Orca enthusiasts gathered on the shores of Seattle’s Akli Beach Tuesday evening to hold a candlelight vigil for those lost over the past year.

That’s because 2016 has been the deadliest year for Southern Resident killer whales in two decades.

Related: Food scarcity could threaten NW orcas

Three Seattle vigils were held Tuesday to pay tribute to those lost and also to send a message to protect the surviving orca.

“This population of animals cannot afford to lose any more of their breeding females if we hope to see them in future years,” said vigil organizer Rachel Carbary.
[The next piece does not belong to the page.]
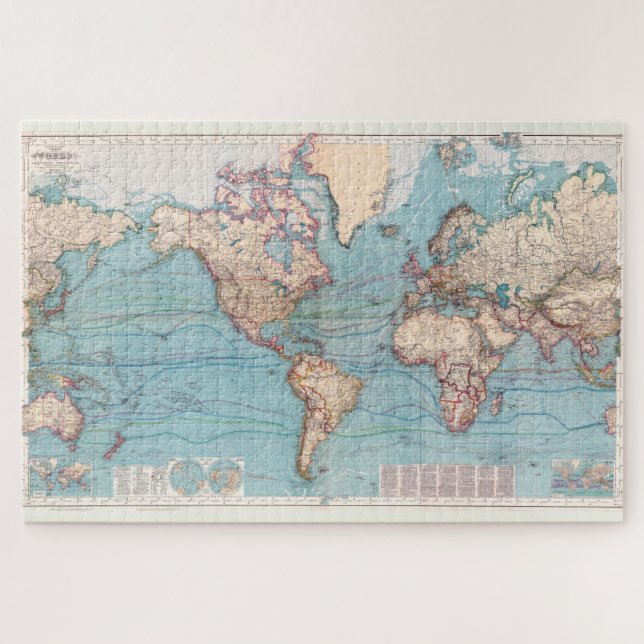 Puzzle Carte vintage du monde (1897) (Horizontal)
“We could not save J34, J28, J54, L95, J14, or J55,” she said listing off the titles of the whales who died over the past year. “Let’s work together to save the rest.”

Southern resident orca

According to KIRO 7, not all of the six whales that passed away in 2016 have been found. Those who have been recovered died from various causes, including disease, blunt force trauma and starvation. The most recent death occurred last week. An orca washed up on the Sunshine Coast in British Columbia.

There are only 79 Southern Resident orca left in the region. KIRO 7 reports that their diet consists of primarily Chinook salmon – a population that has decreased by half since the 1980s.

Orca advocates are urging state lawmakers to take steps to protect salmon and killer-whale populations, including removing dams on the lower Snake River where many fish spawn.